Each record should be copied exactly into the answer, and no picture should go with it.
++++ Materials provided
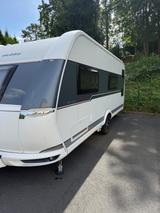 Hobby 560 KMFe Deluxe Edition - Hobby 560 kmf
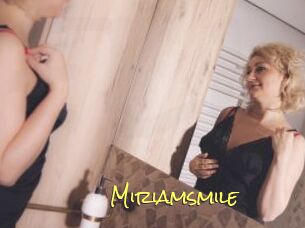 Miriamsmile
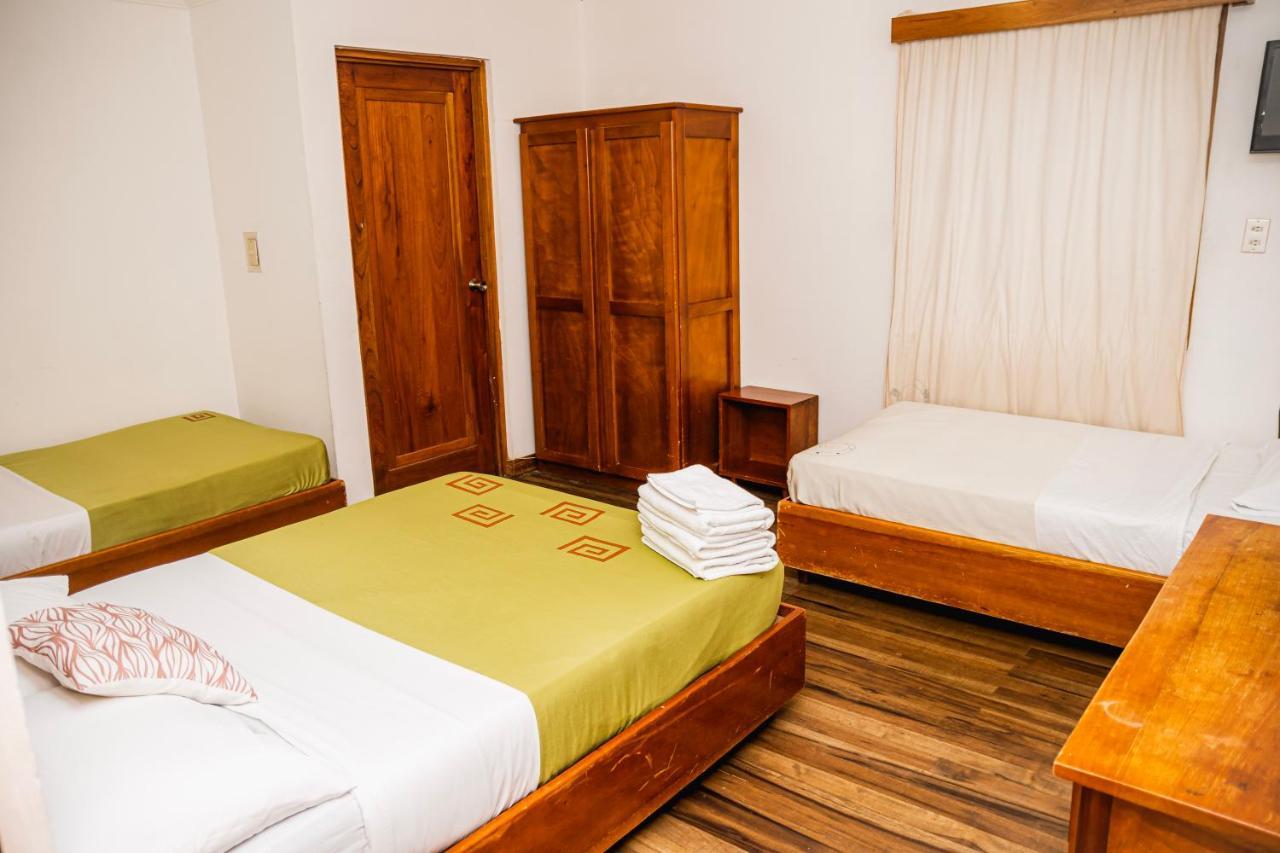 Luz De Luna Hotel Barrio Escalante Сан-Хосе Экстерьер фото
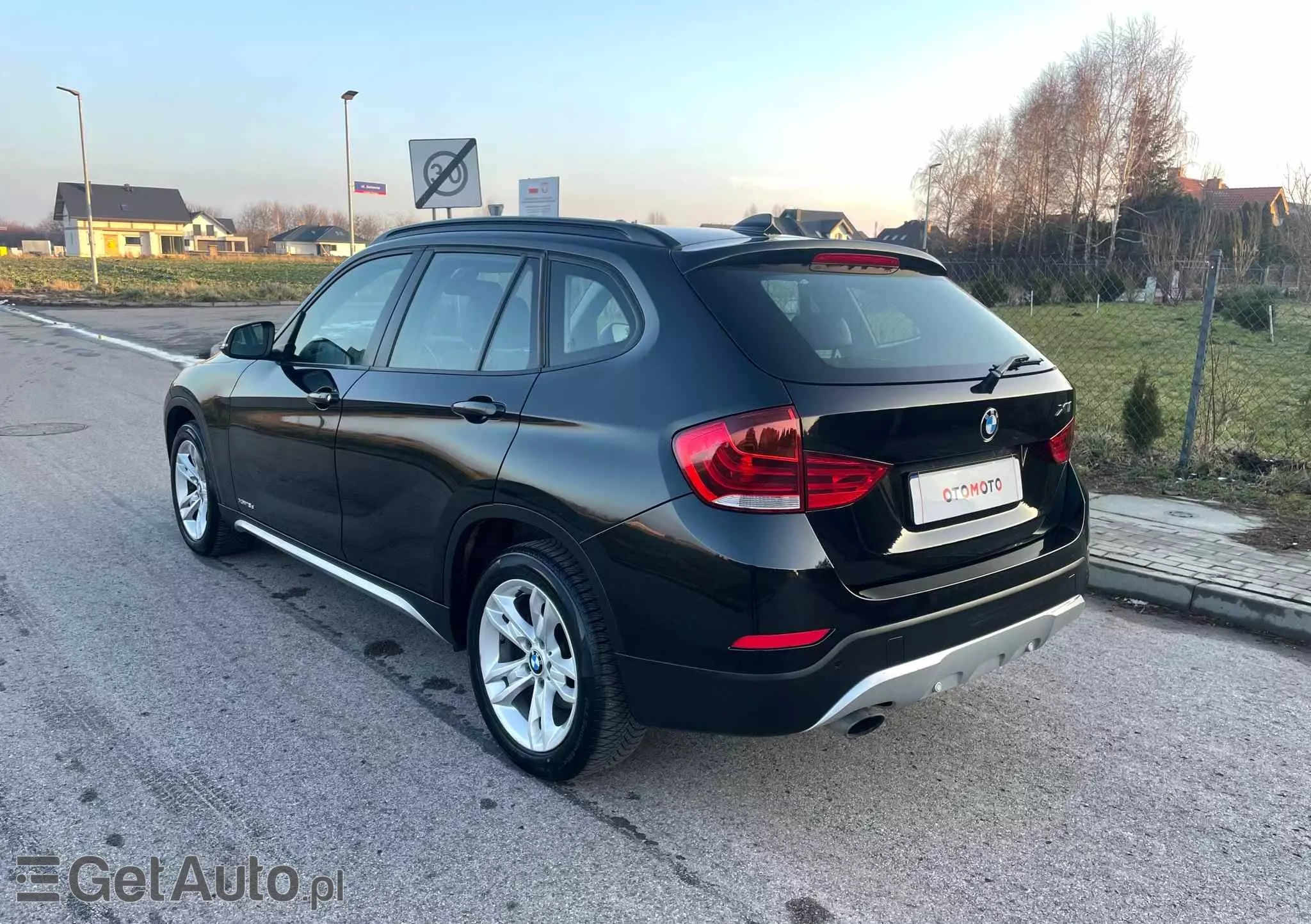 BMW X1 XDrive18d xLine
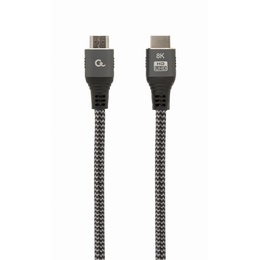  Cablexpert | Ultra High speed HDMI cable with Ethernet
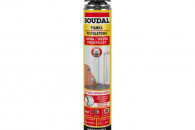 SOUDAL Pistoletowa pianka montażowa 750 ml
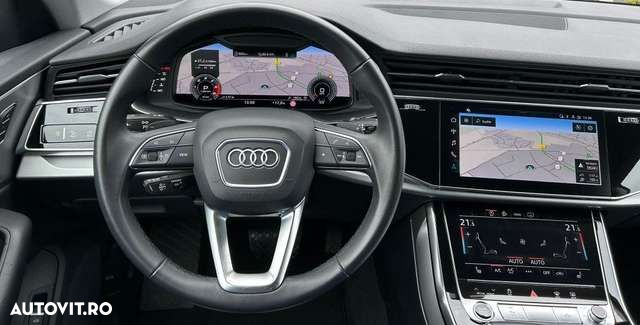 Audi Q8 - 14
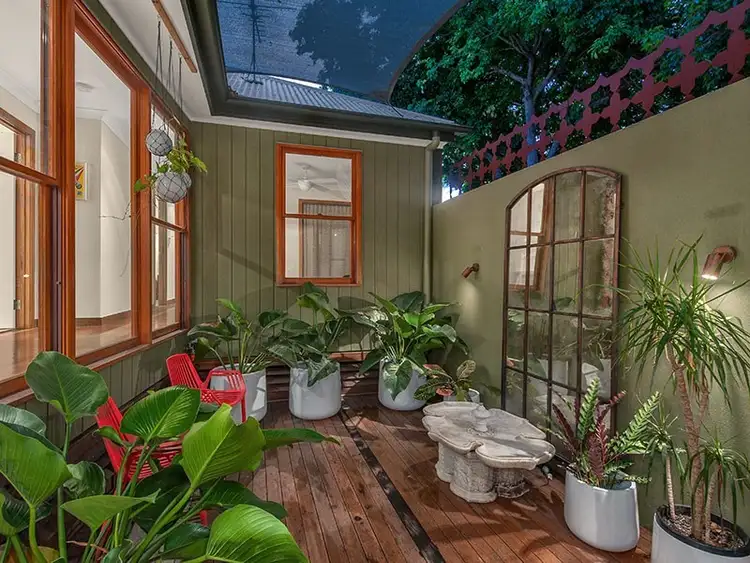 Sixth view of Homely house listing, 40 Kingfisher Lane, East Brisbane QLD 4169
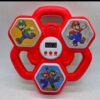 🎮 Music Boxing Target Game (Mario Theme) 🥊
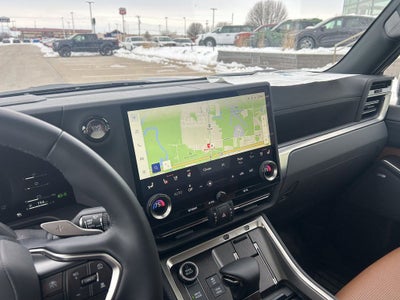 2025 Lexus GX 550 Luxury+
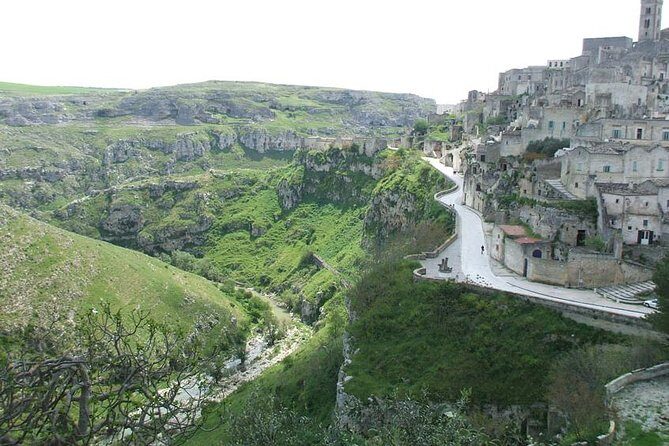 Matera Sassi 2 hours Private Tour - FAQ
++++++++
▸ **Answer to the problem**:
 Hobby 560 KMFe Deluxe Edition - Hobby 560 kmf
 Miriamsmile
 Luz De Luna Hotel Barrio Escalante Сан-Хосе Экстерьер фото
 BMW X1 XDrive18d xLine
  Cablexpert | Ultra High speed HDMI cable with Ethernet
 SOUDAL Pistoletowa pianka montażowa 750 ml
 Audi Q8 - 14
 Sixth view of Homely house listing, 40 Kingfisher Lane, East Brisbane QLD 4169
 🎮 Music Boxing Target Game (Mario Theme) 🥊
 2025 Lexus GX 550 Luxury+
 Matera Sassi 2 hours Private Tour - FAQ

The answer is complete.